Union organisers will not be allowed to enter worksites unless they give 24 hours notice to management and hold an officially authorised “right of entry” permit. This authorisation can be revoked if the Australian Industrial Registry determines that certain union officials are no longer “fit and proper” to hold a permit.

A new Labor government would also retain the Australian Building and Construction Commission (ABCC), which has far-reaching powers to enforce the anti-strike and other punitive measures in the building industry, until 2010.

After that, while the ABCC will be replaced by a specialist division of Fair Work Australia, the same anti-democratic measures will apply. Fair Work Australia would also be empowered to suppress industrial action in any industry at any time, including during a stipulated bargaining period, and to impose a settlement in the course of a dispute.

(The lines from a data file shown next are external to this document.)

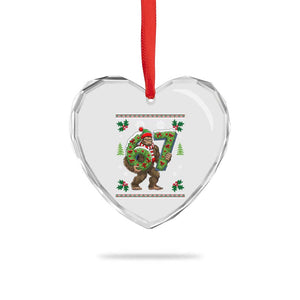 67 Meme Christmas Bigfoot Heart Crystal Glass Ornament Funny Six Seven Wreath Sasquatch Holiday Gag Gift TS02 Print Your Wear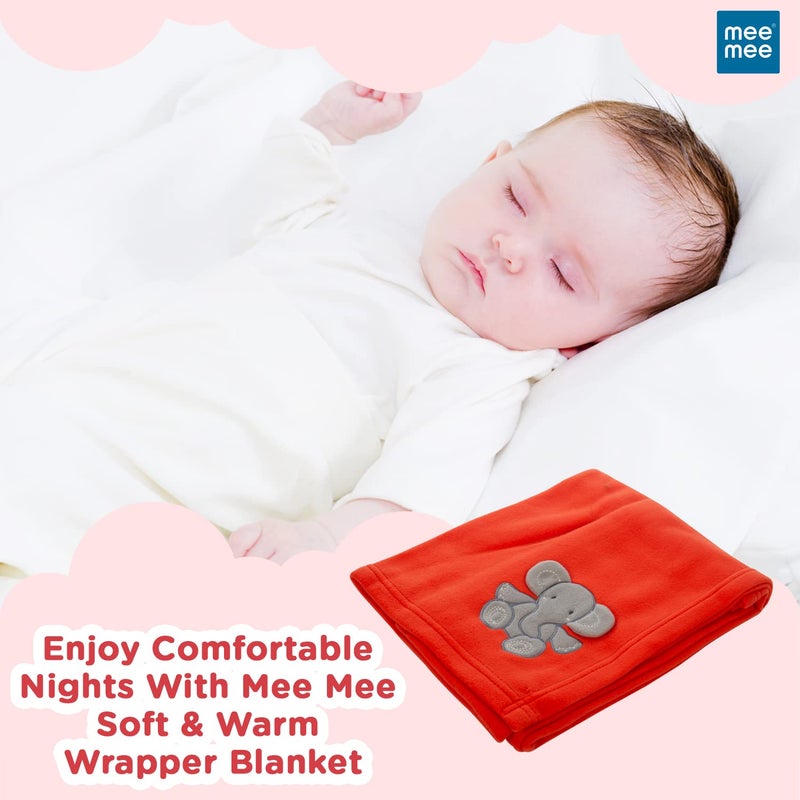 Mee Mee Ultra Soft Plush, Lightweight & Super Comfortable Baby Blankets, Swaddle for Infant & Toddler (Red) - Image 4
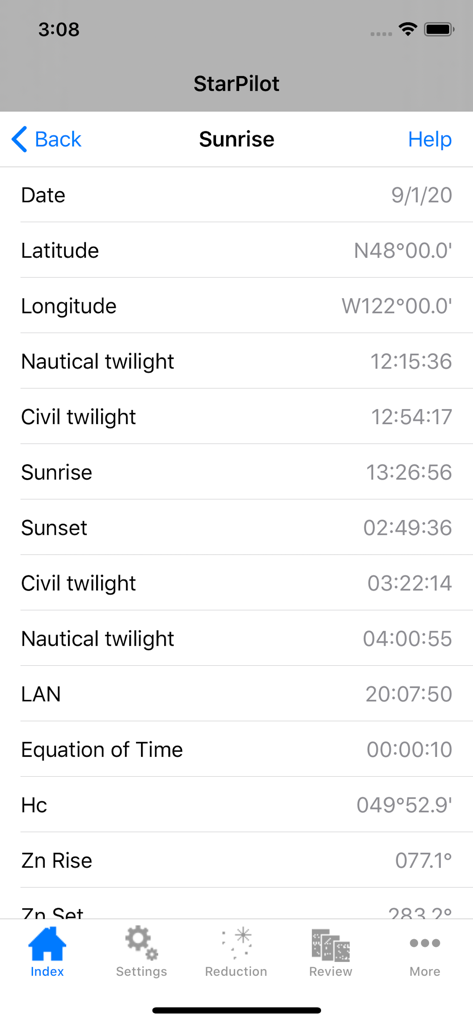 StarPilot - StarPilotアプリのインターフェース、天体航法のための日の出、日の入り、薄明かりの時間を表示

And just to hammer home the point, Julia Gillard told ABC-TV “Lateline” on Tuesday night that a Labor government would not hesitate to crush “unlawful” strikes. Asked whether this could involve “strike-breaking,” she replied, “Absolutely.... We don’t want to see industrial action ... [unauthorised] industrial action, for whatever cause it is taken, is not protected and people should expect to feel the full force of the law.”

Unfair dismissal

Small business lobby groups have attacked Labor because its revamped industrial relations policies allow workers to pursue unfair dismissal claims in companies with fewer than 15 employees. Notwithstanding hysterical statements from small business councils this week about “union domination,” the protections offered to workers under Labor’s measures are virtually non-existent. Small businesses will be protected from unfair dismissal claims if they sack workers who have been employed for less than 12 months. They will also be able to make staff redundant without redundancy payments, whatever the length of employment, if they can demonstrate that the business has suffered a downturn, or has a reduced need for staff due to the introduction of new technology.

Small companies will also be allowed to sack workers without risking unfair dismissal claims if they have reported them to police for suspected theft or violence in the workplace. No charges need to be laid, nor would employers have to provide police with any direct evidence of theft or violence. And even if a worker wins in court (after funding his or her own legal case), reinstatement will not be required if it is “not in the interests” of the business.

Mining and other big business peak councils responded to Labor’s new industrial relations policies with continued criticism, declaring that the party’s decision to maintain AWAs for another five years, along with other measures, did “not go far enough.”

Some key companies, however, have praised the policy. BHP Billiton, one of Australia’s largest mining and resource corporations, for example, issued an official company statement noting that Labor had made “considerable policy progress” and welcoming its “consultative process.”

Australia’s corporate media was fulsome in its praise. An Age newspaper editorial on August 29 declared that Labor’s policy was “clever,” “forward thinking” and “flexible,” while Rupert Murdoch’s Australian hailed Labor in a lengthy editorial entitled “Rudd’s IR plan is Labor’s best offer.”

The Australian declared that Rudd had “done well in preserving business safeguards and individual contracts for the high-paid” and then published a series of comments over the next two days debunking claims by Howard government officials that Labor in power would lead to a “dangerous revival” of the trade unions. The comments, which were titled “The sky is not falling—Claims that Labor’s IR policy will damage the economy are laughable” and “Scare campaign a red herring,” made clear that the Murdoch media has decided to give the Laborites the thumbs up.

Having led corporate demands over the past year for Labor to modify its attitude to AWAs and other elements of WorkChoices, the Murdoch press now appears to be convinced that Rudd and co. can be trusted to unleash the next round of attacks on the working class.